J’étais abasourdi. « Mais il est là. Il est en train d’assimiler tout ça. »
J’ai commencé à faire circuler des articles. Un de mes anciens superviseurs dans un programme de santé mentale infantile m’a orientée vers les travaux de Heidelise Als, psychologue à Harvard, qui a innové dans la conception et la compréhension de la prise en charge du développement des bébés prématurés. J’ai désespérément distribué ce que je pensais être des idées bienvenues. Je me suis heurtée à des hochements de tête polis mais dédaigneux.
Certaines infirmières ont été formidables. Elles ont suggéré de faire des enregistrements audio de nous lisant des histoires pour enfants qu’elles feraient écouter à notre fils à l’heure du coucher. Nous répétons encore les rimes intemporelles de But Not the Hippopotamus de Sandra Boynton, notre seule bouée de sauvetage pour notre petit nourrisson sans défense dans sa boîte de verre.
Le plus triste, c’était les bébés qui n’avaient pas de visite. Les traumatismes liés à l’attachement qui se déroulaient sous mes yeux étaient insupportables à voir.

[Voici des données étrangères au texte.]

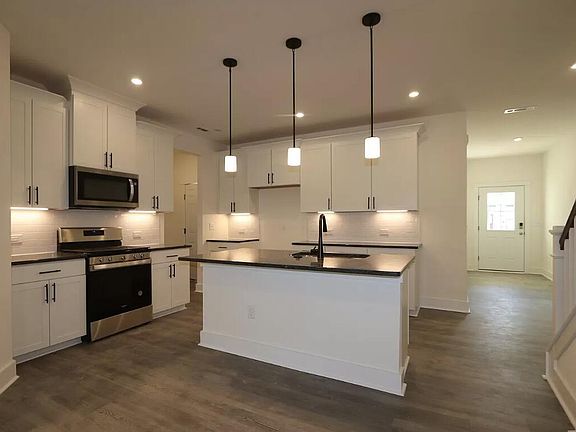 3rd image of 473 Autumn Rain St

De nombreux parents n’ont pas le luxe de pouvoir s’absenter de leur travail et de leurs autres enfants et, en l’absence de toute formation psychologique, les besoins d’attachement de ces bébés n’étaient pas communiqués par l’hôpital aux parents. Ou satisfaits. Les bébés ont besoin d’un contact peau à peau, d’une présence aimante sûre et fiable, et d’une réponse à leurs besoins émotionnels et physiques.
C’était il y a 16 ans. Y a-t-il eu des progrès ? Nous savons qu’un séjour en unité de soins intensifs néonatals a de graves répercussions sur la santé mentale de la mère. Les articles abondent sur la dépression maternelle, le syndrome de stress post-traumatique et les difficultés d’attachement. Le stress lié à l’expérience de l’unité de soins intensifs néonatals peut avoir un impact sur la capacité des parents à s’attacher à leur bébé.
Mais qu’en est-il des bébés ? Les soins kangourou consistent à tenir le bébé face au parent, avec un contact peau à peau. Ils sont considérés comme la norme en matière de soins, mais de nombreux obstacles s’opposent à leur mise en œuvre. Des programmes de bénévoles « câlineurs de bébés » ont vu le jour dans les hôpitaux du Canada et des États-Unis. Pourtant, les ressources sont souvent insuffisantes pour financer un nombre suffisant de bénévoles pour tenir les bébés qui en ont besoin. En attendant, ces bébés sont soumis à une séparation douloureuse d’avec leurs soignants et à des procédures intrusives et pénibles, ce qui entraîne des taux plus élevés de difficultés neurocognitives et psychosociales plus tard dans leur développement (Givrad et al., 2021).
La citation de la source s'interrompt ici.